Task item: Please repeat, exactly as written, every line from the one containing "Senator Wm. M" through the last line of the records, both included, and leave out any pictures.

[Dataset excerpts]
'''
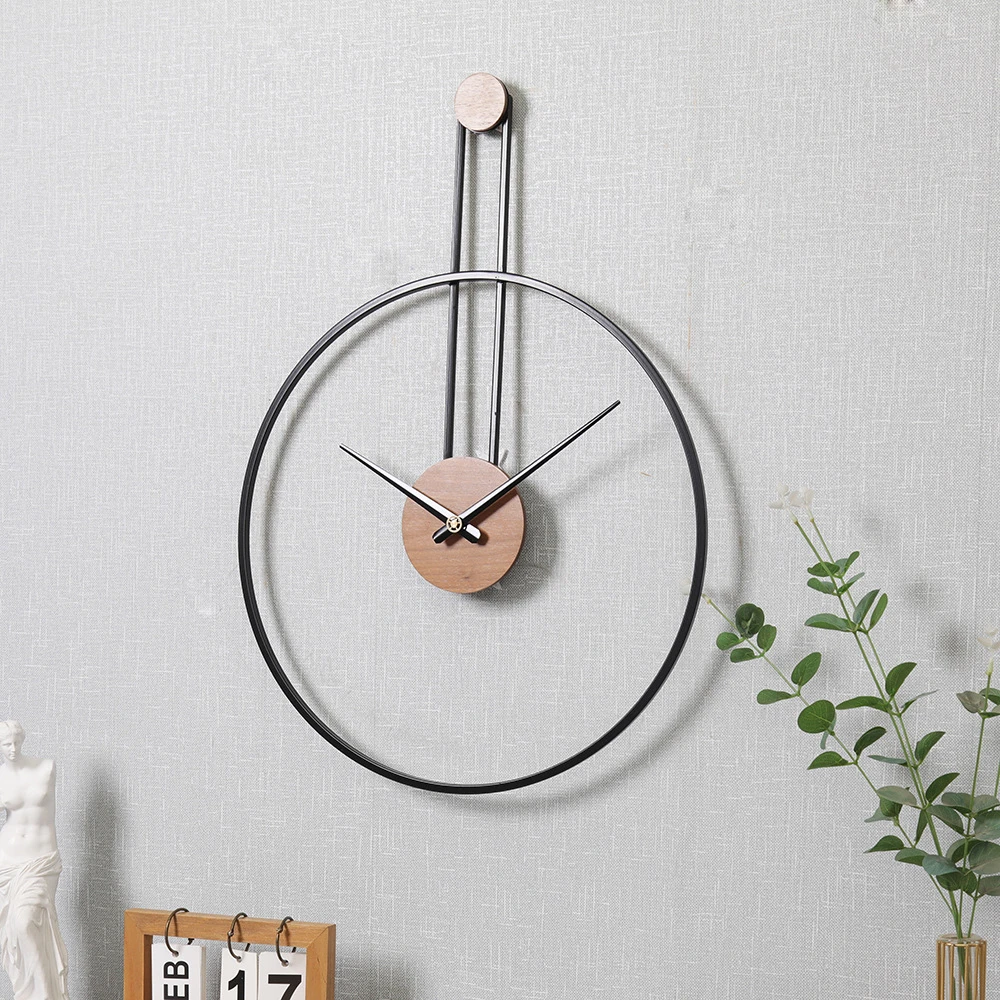 Joylove Creative Simple Wrought Iron Spanish Wall Clock Personality Art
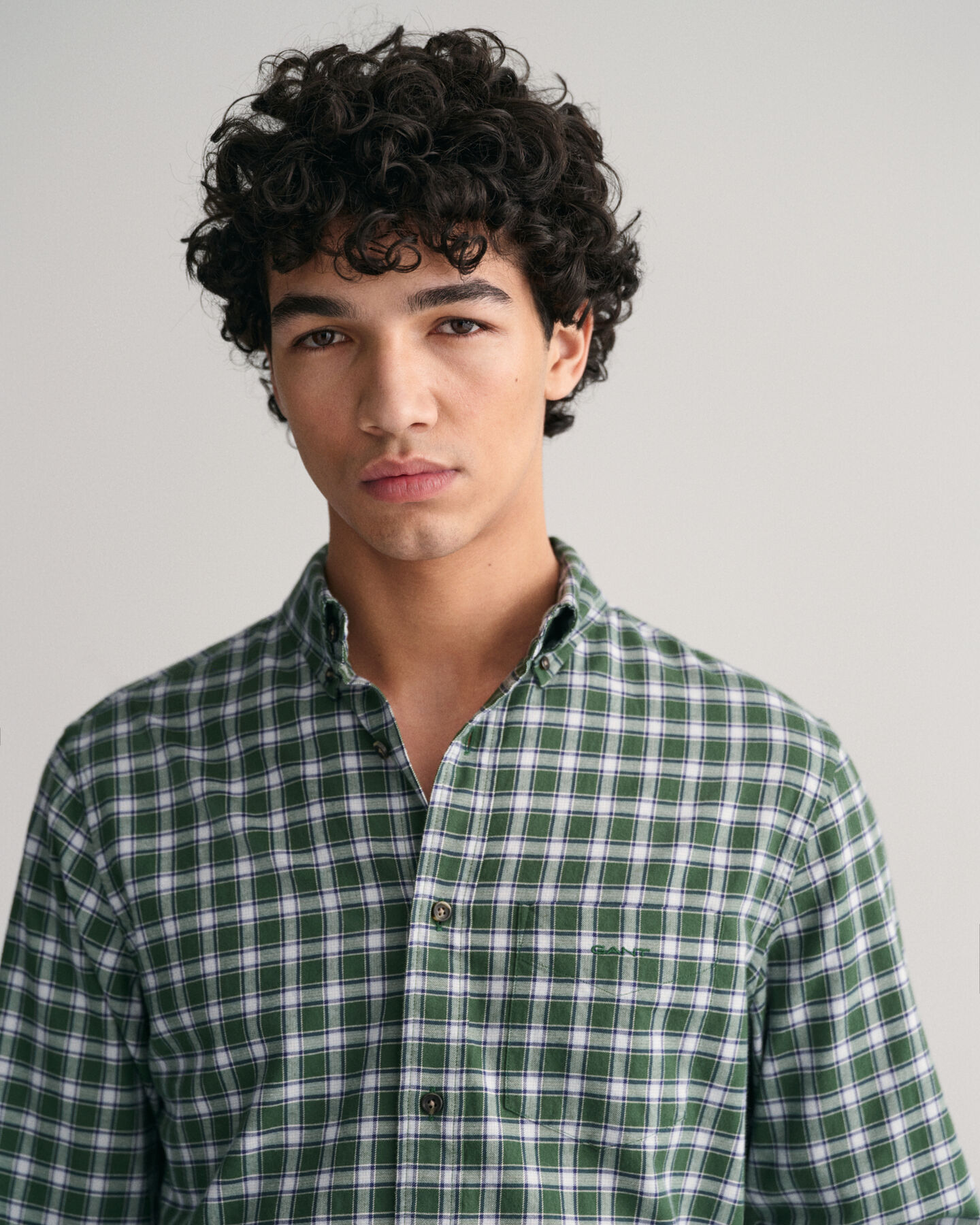 Chemise regular fit en flanelle &agrave; motif &eacute;cossais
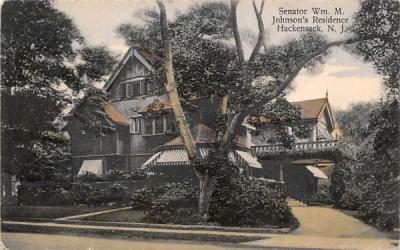 Senator Wm. M Johnson's Residence Hackensack, New Jersey Postcard
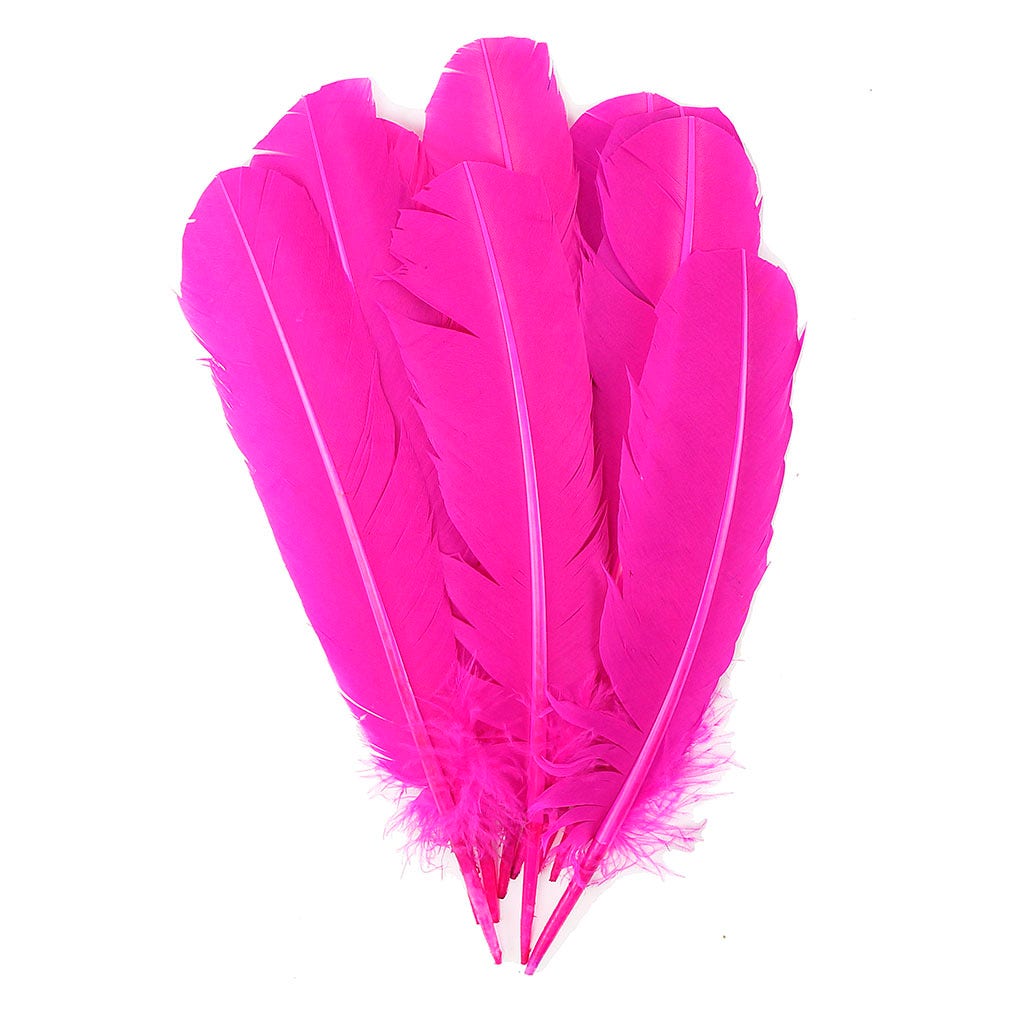 Turkey Quills Selected - Shocking Pink - Feathers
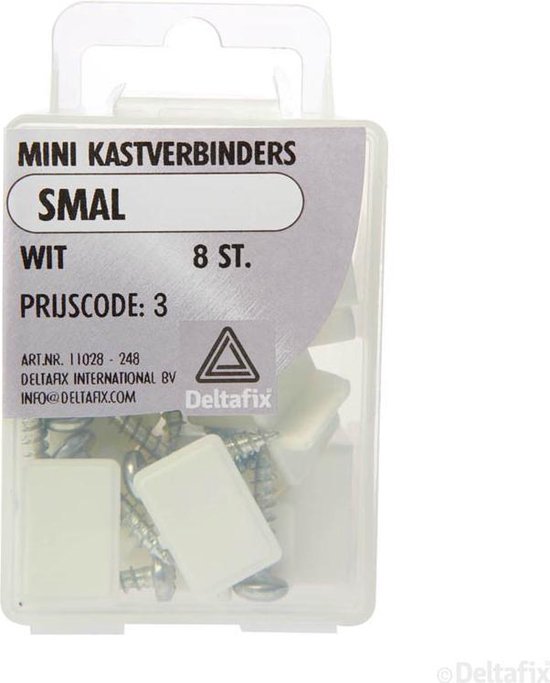 Deltafix kastverbinder mini wit smal x 2 cm x 2 gat 8 st. van Deltafix — afbeelding 2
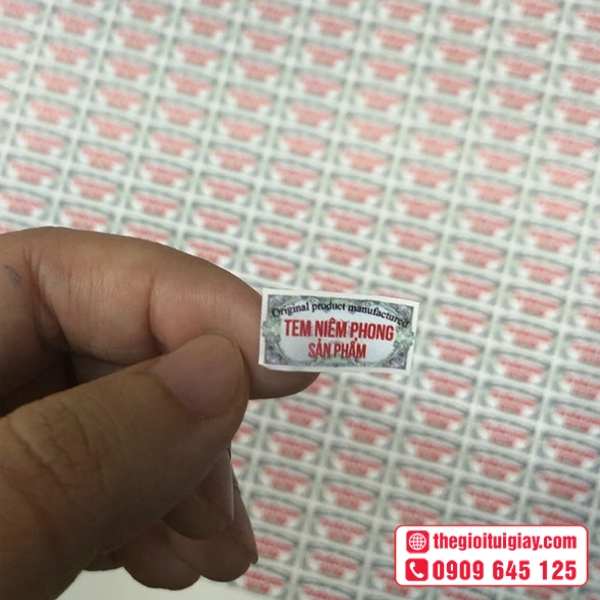 Mẫu tem niêm phong độc đáo cho sản phẩm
'''
The answer:
 Senator Wm. M Johnson's Residence Hackensack, New Jersey Postcard
 Turkey Quills Selected - Shocking Pink - Feathers
 Deltafix kastverbinder mini wit smal x 2 cm x 2 gat 8 st. van Deltafix — afbeelding 2
 Mẫu tem niêm phong độc đáo cho sản phẩm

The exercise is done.